CONSENT OF MASTER LESSOR
Master Lessor ("Master Lessor"), as landlord under the Master Lease dated October 14, 1999, attached hereto as Exhibit A ("Lease") , hereby consents to the foregoing Sublease by and between Southwall Technologies, Inc., a Delaware corporation ("Sublessor") and Digeo, Inc., a Delaware corporation ("Sublessee"). Said consent shall not, nor be deemed to, waive, amend or modify any provision of the Lease, nor shall said consent be deemed to be or constitute a consent to any further sublease or assignment or other future transaction (whether similar or dissimilar) whatsoever, which under the terms of the Lease requires Master Lessor's consent. Further, said consent shall not release, nor be deemed to release, Tenant from any of its covenants, agreements, liabilities, and obligations under or arising out of the Lease, and nor shall said consent constitute Master Lessor's consent to, or create or be deemed to create, any direct contractual privity between Master Lessor and Sublessee with respect to the Sublease (not-withstanding any provisions as may exist to the contrary in the Sublease). In providing said consent, Master Lessor makes no representations or warranties whatsoever, whether express or implied, regarding the physical or environmental condition of the Subleased Premises or Premises (including, without limitation, its habitability or suitability for any use or purpose or compliance with the Americans with Disabilities Act) or regarding any other condition affecting the Subleased Premises or Premises, and by its execution of this instrument Sublessee covenants and agrees not to sue and to forever release Master Lessor, and its trustees, officers, directors, agents and employees for and from any and all claims, losses, damages, causes of action, and liabilities arising out of hazardous substances or groundwater contamination presently existing on, under or emanating from the Premises or any part thereof.

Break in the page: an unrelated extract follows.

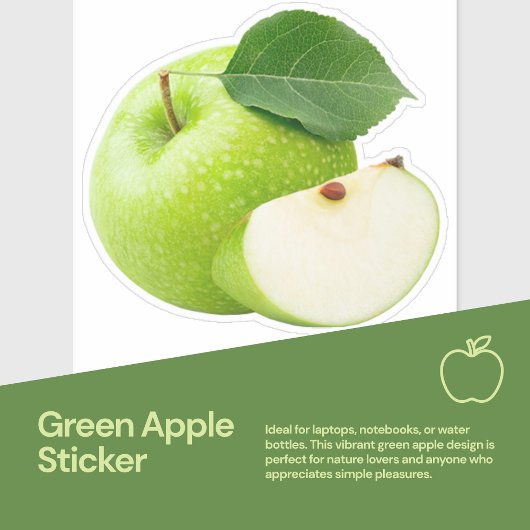 Sticker à pomme verte 🍏
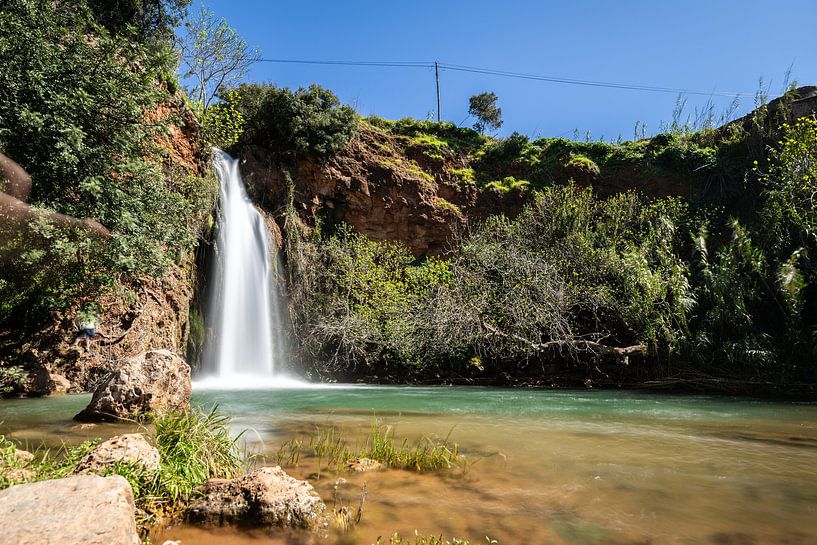 Chute d'eau Queda do Vigário à Alte, Algarve, Portugal par Fotos by Jan Wehnert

By its execution of this instrument, Sublessee acknowledges and agrees that the Sublease is and shall remain at all times subject and subordinate in all respects to the Lease, and Sublessee further agrees to indemnify, defend and hold Master Lessor harmless on the same terms and conditions that Sublessor has agreed to indemnify, defend and hold Master Lessor harmless under Paragraph 18 of the Lease (with each reference to the "Premises", "Tenant", "Landlord" and "Paragraph 7" contained therein being deemed to refer to the Subleased Premises, Sublessee, Master Lessor, and the Sublease, respectively). Said indemnity by Sublessee shall survive the expiration or sooner termination of the Sublease.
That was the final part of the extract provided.